Parc national des Virunga : Des organisations appellent le gouvernement à renforcer les mesures sécuritaires

Il s’agit de 46 organisations de la société civile en République Démocratique du Congo au Gouvernement. Elles s’insurgent contre le crime commis au Parc National des Virunga (PNVi) le 24 avril 2020.     

Ces organisations rappellent que l’insécurité était à la base de la   suspension des activités  touristiques  de mai 2018  à janvier 2019. En février 2019, que le parc  a   rouvert ses portes   aux  touristes. Mais, elle les a  refermées à nouveau  le 19 mars 2020  suite à  la pandémie du  coronavirus (Covid-19).

Pour y mettre fin, elles adressent des recommandations pertinentes au Gouvernement ; la communauté internationales ;  la société civile ; l’Institut Congolais de la Conservation de la Nature (ICCN) ; l’assemblée provinciale du Nord-Kivu.

Au gouvernement

En effet, ces organisations demandent au Gouvernement Central  de diligenter  une  enquête  indépendante dans  la  région.  Objectif ? Elucider  à l’opinion nationale, régionale et internationale sur les  origines des   attaques  à répétition au PNVi et ses environs.

Aussi, elles demandent de renforcer les mesures sécuritaires dudit parc  et déférer  les auteurs  devant les instances judiciaires compétentes. De surcroit,  mettre  en application les lois  au profit de la protection et de la sauvegarde de ses écosystèmes.

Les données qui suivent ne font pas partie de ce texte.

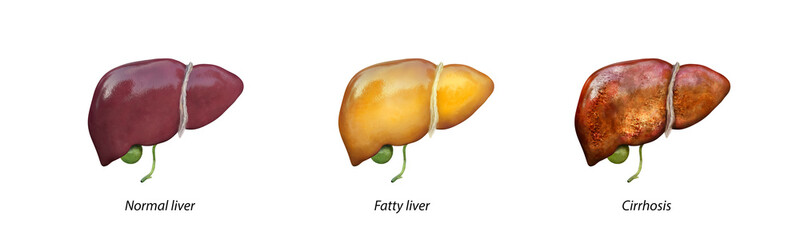 Normal liver versus liver with Cirrhosis, damaged liver, excessive drinking of alcohol, treatment,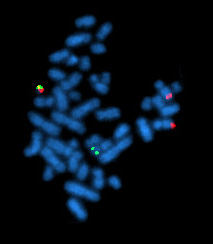 Филадельфийская хромосома, флюоресцентная гибридизация in situ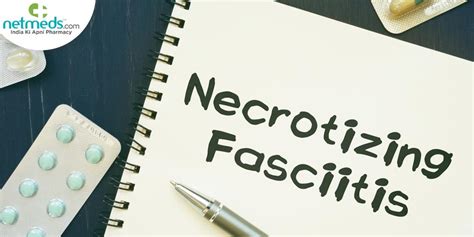 Necrotizing Fasciitis: Symptoms, Causes And Treatment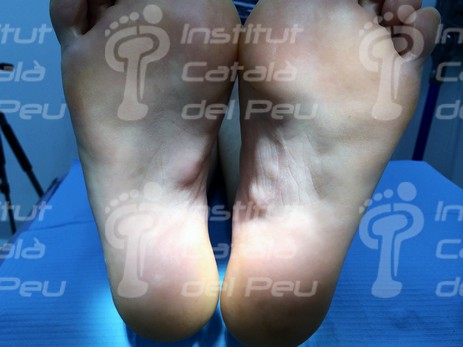 LEDDERHOSE’S DISEASE OR PLANTAR FIBROMATOSIS.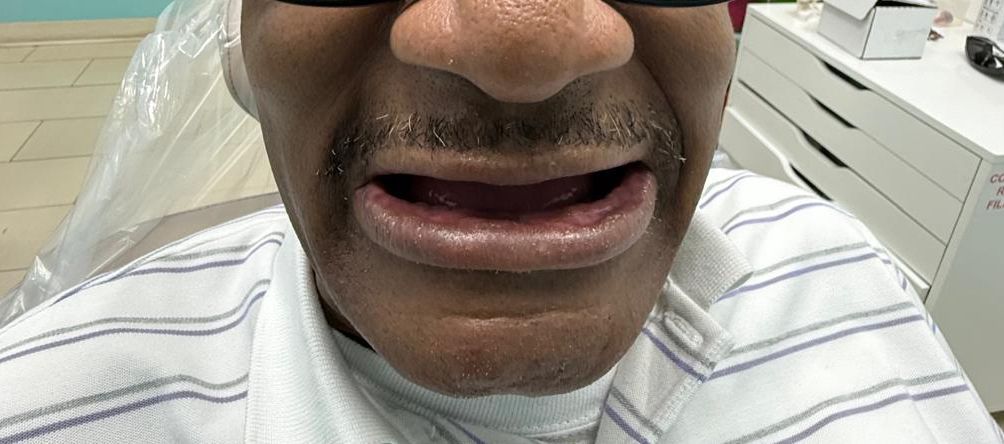 Close-up of a person's open mouth, showing the inside of the lips, with a mustache.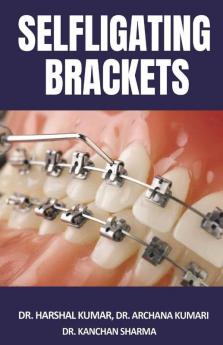 Selfligating Brackets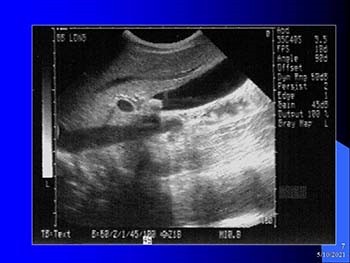 Bedside Ultrasound of the Biliary Tract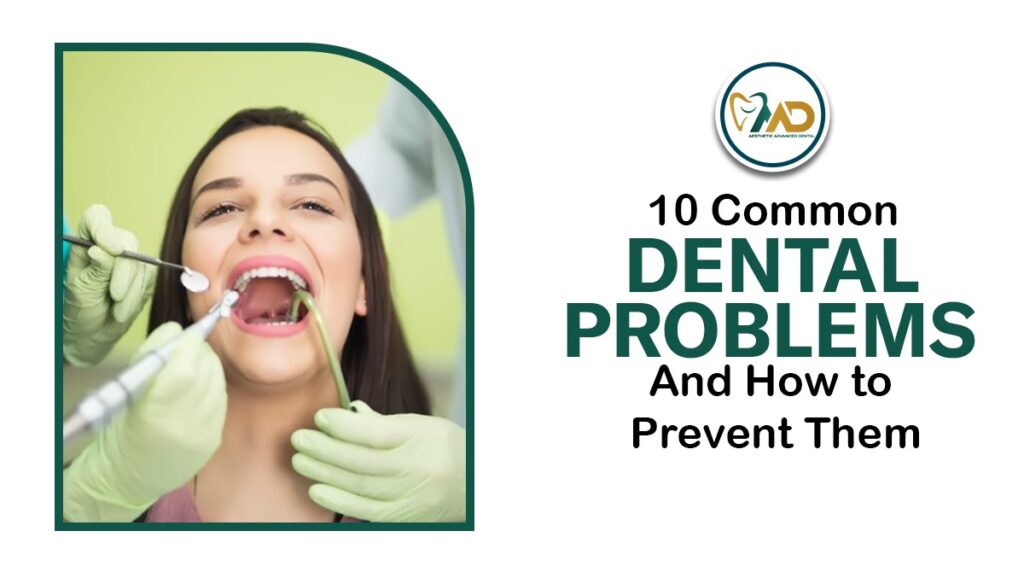 10 Common Dental Problems and How to Prevent Them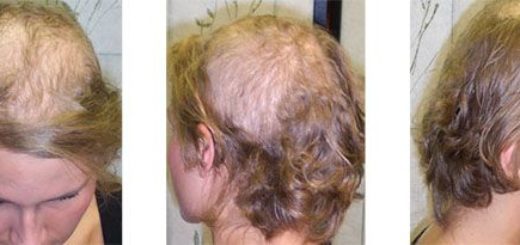 اختلال مو کندن یا تریکوتیلومانی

Le gouvernement devrait organiser  un dialogue  national sur  la question de gouvernance et pacification des  aires protégées  y compris  Virunga. Et, renforcer les mesures de stabilité et sécurité  autour  du  Parc  et  divers territoires.   Il s’agit notamment de  Masisi, Nyiragongo, Rutshuru, Lubero et Beni.

Le gouvernement devrait aussi Renforcer  la coopération régionale. L’idée est d’encourager le contrôle transfrontalier,  lutte  contre  la  circulation  illicite  des  armes  légères  et  petits calibres.

A l’ICCN

Ces organisations demandent à l’ICCN de poursuivre les efforts en cours  relatifs à  la préservation des écosystèmes   du PNVI. A cet effet, il faut mettre un accent particulier sur le renforcement du   dialogue entre les communautés  et peuples autochtones riverains. Cela, en  capitalisant les approches participatives de conservation communautaire dans la mise en application de différentes lois ayant trait à la protection de la nature.

L’ICCN doit en plus, renforcer les capacités  en détectives  de son personnel de surveillance au PNVi. L’objectif est de  prévenir efficacement  les éventuels affrontements armés   entre les éco-gardes et les bandes armées.

Aux Communautés locales   autour du PNVi, ces organisations demandent de  collaborer avec le Parc. Le but est de gérer  pacifiquement et de manière bénéfique     les  conflits multiformes et les pressions démographiques sur les écosystèmes et les  ressources du parc.

Communauté internationale 

La communauté internationale n’est toutefois pas dispensée. Ces organisations lui recommandent d’appuyer les efforts en cours  en  RDC  en vue de maintenir  l’intégrité  des  parcs  Nationaux.  Et, d’œuvrer  pour  l’éradication  des groupes armés internes et régionaux qui  fragilisent lʼécosystème du Rift  Albertin au Parc.

Les organisations qui ont signé cette déclaration sont entre autres : Femmes Solidaires (FESO) qui est nationale ; Solidarité  des Femmes sur le Fleuve Congo (SOFFLECO)  de Kinshasa ;  CONSERVE CONGO du Nord-Kivu ; Coalition  des  Organisation  de  la  Société  Civile  pour  le  suivi  des Reformes (CORAP) ; le Collectif d’actions de la Société Civile (CASC) ; Actions pour le Développement et la  Protection de l’Environnement (ADEPE). Mouvement Citoyen EKOKI ;  Centre Congolais pour le Développement Durable   (CODED).